WB-Obmann und Finanzlandesrat Dr. Christian Buchmann wiederholt seine Kritik, wie unglaubwürdig und voller Doppelmoral Franz Voves ist. Landeshauptmann Voves hat gestern Abend im Presseclub wieder die Budgetpläne des Bundes kritisiert und diverse Reformideen für die Steiermark in den Raum gestellt. „Voves hat seine Chance gehabt, in der Steiermark hat er aber versagt“, so der Finanzlandesrat.

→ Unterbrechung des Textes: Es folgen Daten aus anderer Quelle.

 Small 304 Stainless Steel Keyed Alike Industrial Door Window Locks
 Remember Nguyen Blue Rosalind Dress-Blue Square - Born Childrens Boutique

Fünf Jahre lang hat Voves jede Reform des Landeshaushaltes unwirsch und mit politischer Mehrheit vom Tisch gewischt. Schließlich mussten ja sozialdemokratische Prestigeprojekte wie Köflach und Fohnsdorf verwirklicht werden.

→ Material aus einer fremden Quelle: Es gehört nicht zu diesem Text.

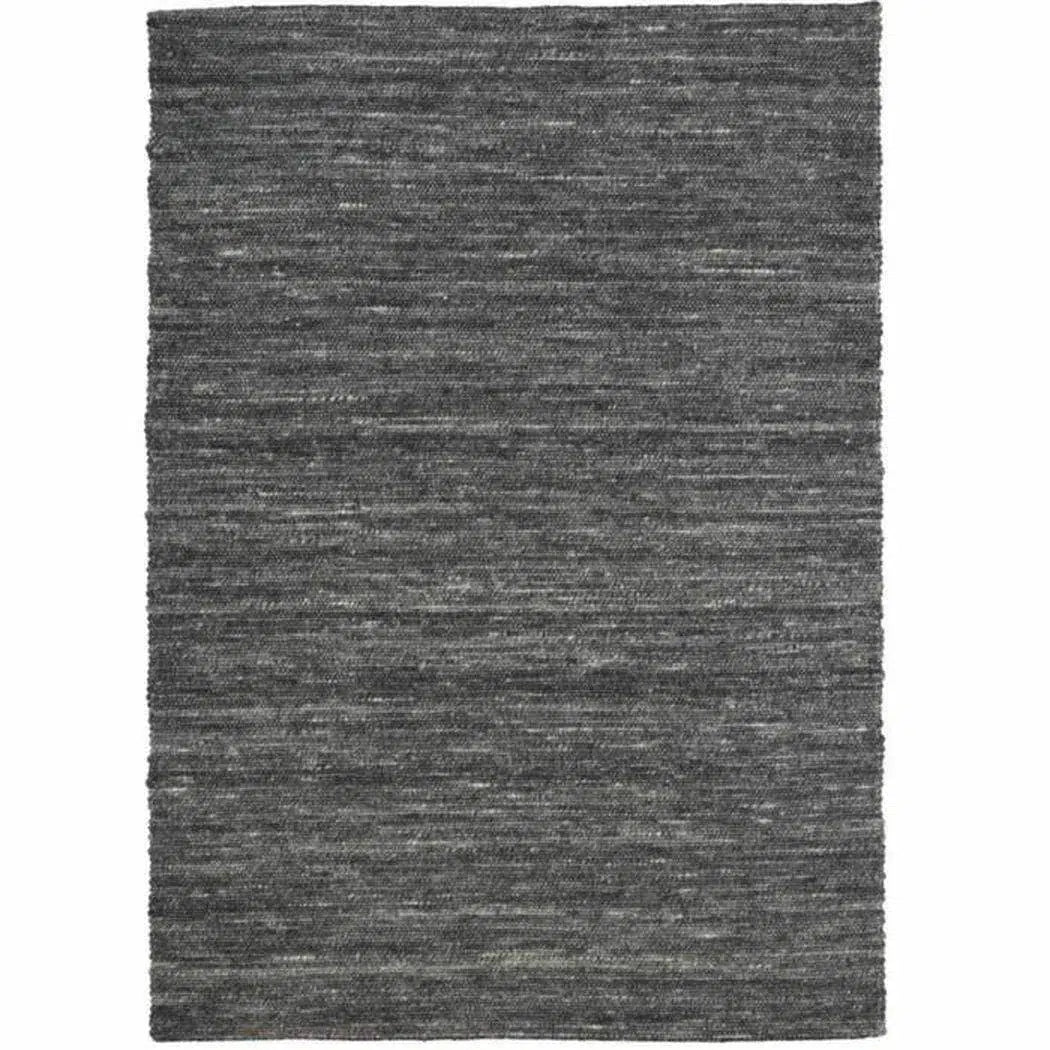 Ardisia Grey Solid Handmade Wool Rug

„Es ist wahrlich demaskierend, wenn Voves jetzt bei der KAGes Einsparungspotenzial in der Höhe von 150 Millionen Euro ortet. Der gesamte KAGes-Liegenschaftsdeal in der Höhe von 1,2 Milliarden Euro (!) für das Doppelbudget 2009/2010 ist nur entstanden, weil die SPÖ zu keiner Reform bereit war!“, hält Buchmann fest.
Nur als blanken Hohn für die steirischen Stromkunden kann Buchmann den Stolz des Landeshauptmannes über die 800-Millionen-Euro-Investitionskraft der Energie Steiermark sehen. "Drei Mal wurde in der Ära Voves der Strompreis um insgesamt 18% erhöht, der Reichtum dieses Unternehmens ist durch Abzocken der steirischen Stromkunden entstanden!“, so Buchmann.

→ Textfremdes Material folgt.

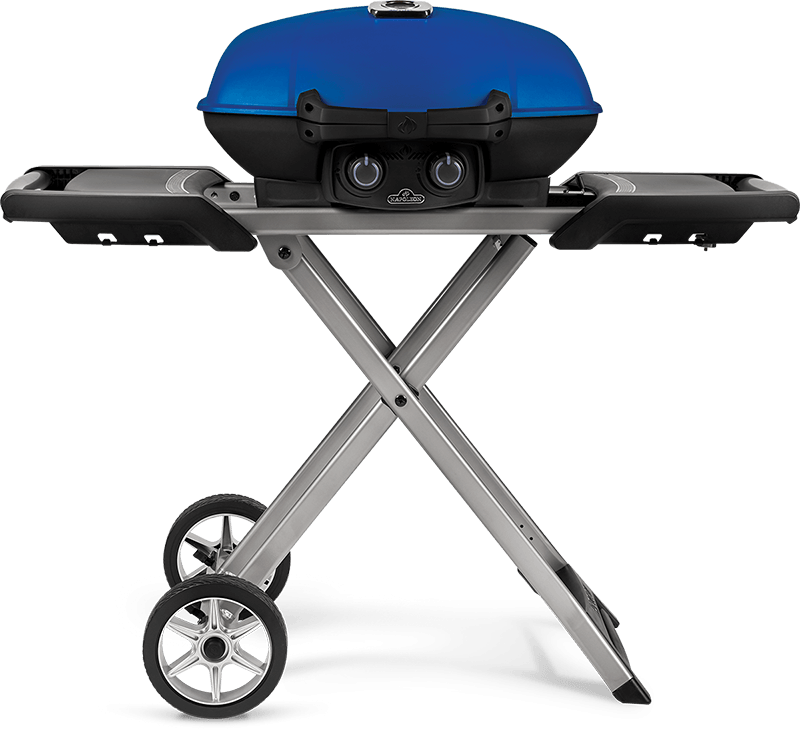 Napoleon Bbq TravelQ 285X with Scissor Cart , Propane, Blue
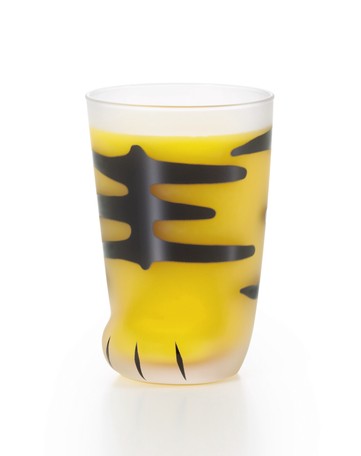 Coconeco Cat Paw Glass - Black Tiger Pattern Cat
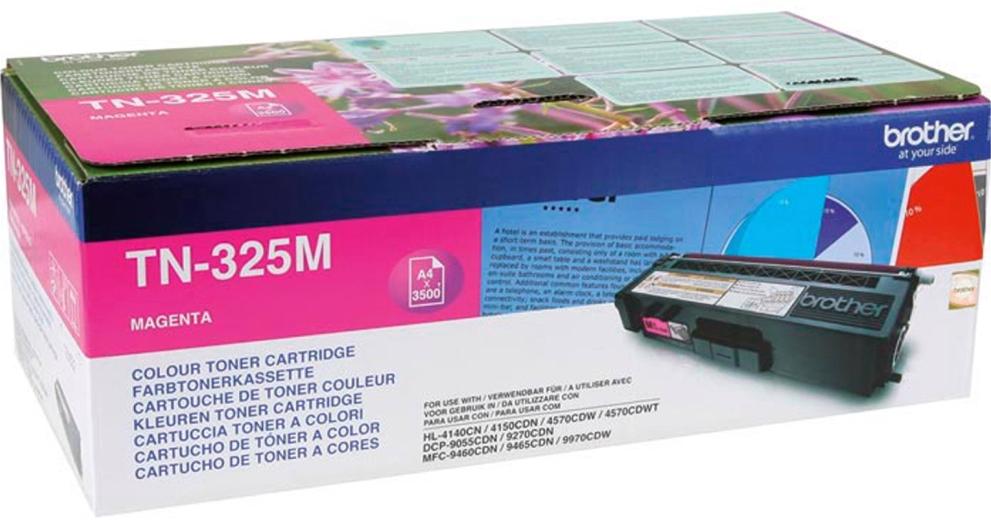 Brother TN325M (TN-325M) Cartouche de toner Magenta authentique (TVA incluse)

Und völlig unglaubwürdig ist Voves ja wohl in Sachen Verwaltungsreform: er hat die Verwaltung weiter aufgebläht, eine neue Abteilung geschaffen und seit 2005 1000 neue Mitarbeiter aufgenommen. Die ÖVP wollte die Ergebnisse der Minus-25-Prozent-Denksportaufgabe für die Abteilungsvorstände des Landes bis 31. März 2010 auf dem Tisch liegen haben. „Das war für die SPÖ aber undenkbar - sie hängt das ganze lieber der neuen Landesregierung als Rucksack um! So lässt sich jetzt locker vom Hocker über Reformen plaudern“, setzt der Finanzlandesrat abschließend nach.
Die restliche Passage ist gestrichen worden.